Ralf Brandstätter keeps feeding the press with information about the Project Trinity in dribs and drabs. One of his latest takes was to correct the idea that the new electric car will be a flagship, such as an electric Phaeton. Volkswagen's brand CEO told Welt Am Sonntag it would arrive in 2026, cost around €35,000 (~$43,000 USD), and be “just over 4 meters” in length.

To put that info under the right perspective, it means the new EV will be as big as the Volkswagen Polo and much shorter than the ID.3. However, in terms of price, it will be more expensive: the ID.3 costs €31,495 in Germany, including taxes. It will only be premium compared to similarly-sized competitors.

Volkswagen ID.1 E-Zzity

Brandstätter also said the Artemis Project from Audi and the Trinity would have the same architecture, even if specifications will be predictably very different. While the Audi offering will target a wealthier clientele, Volkswagen's will appeal to those concerned with energy efficiency and level 2 automated driving, comparable to Tesla’s Autopilot.

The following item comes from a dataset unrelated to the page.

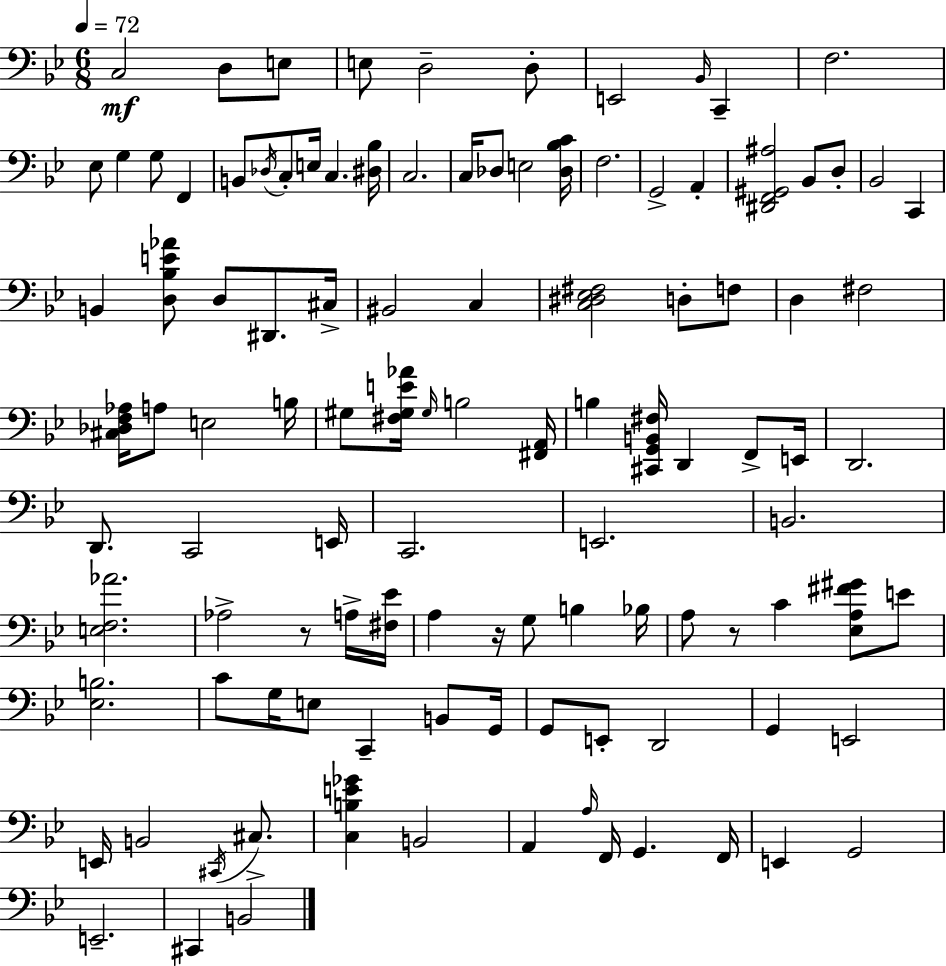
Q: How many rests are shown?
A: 3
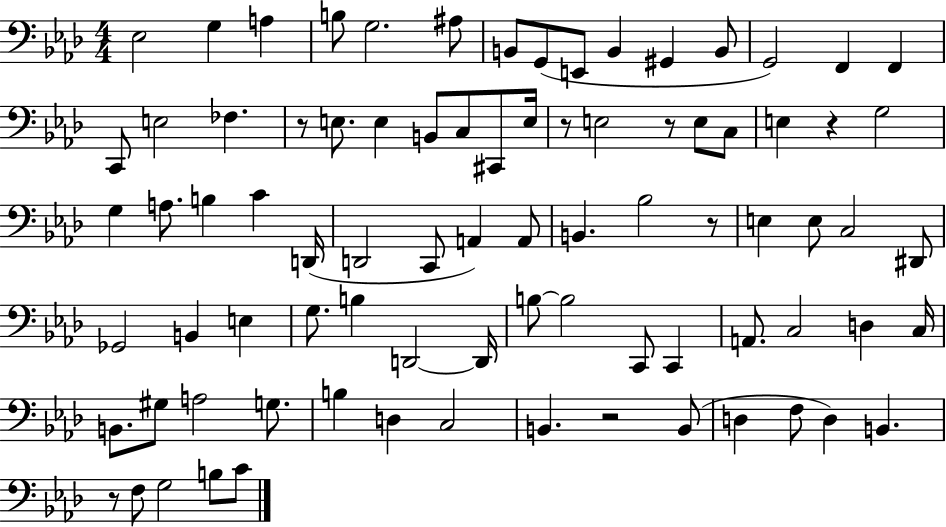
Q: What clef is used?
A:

Before the Trinity reaches the market, Volkswagen plans to sell the ID.1. Brandstätter does not refer to it like that, but all the rumors about the new car – now officially confirmed – use that name.

The ID.1 will also use the MEB platform. Brandstätter said it was anticipated from 2027 to 2025 and that the new EV will cost between €20,000 and €25,000, with a sales potential for more than 500,000 units, possibly annually.

As we said before, both the Artemis Project and the Project Trinity have a more important goal than just delivering a new electric vehicle. Both of them will have a “radically new production approach,” which will probably put Volkswagen closer to the goal of producing a new car in only ten hours.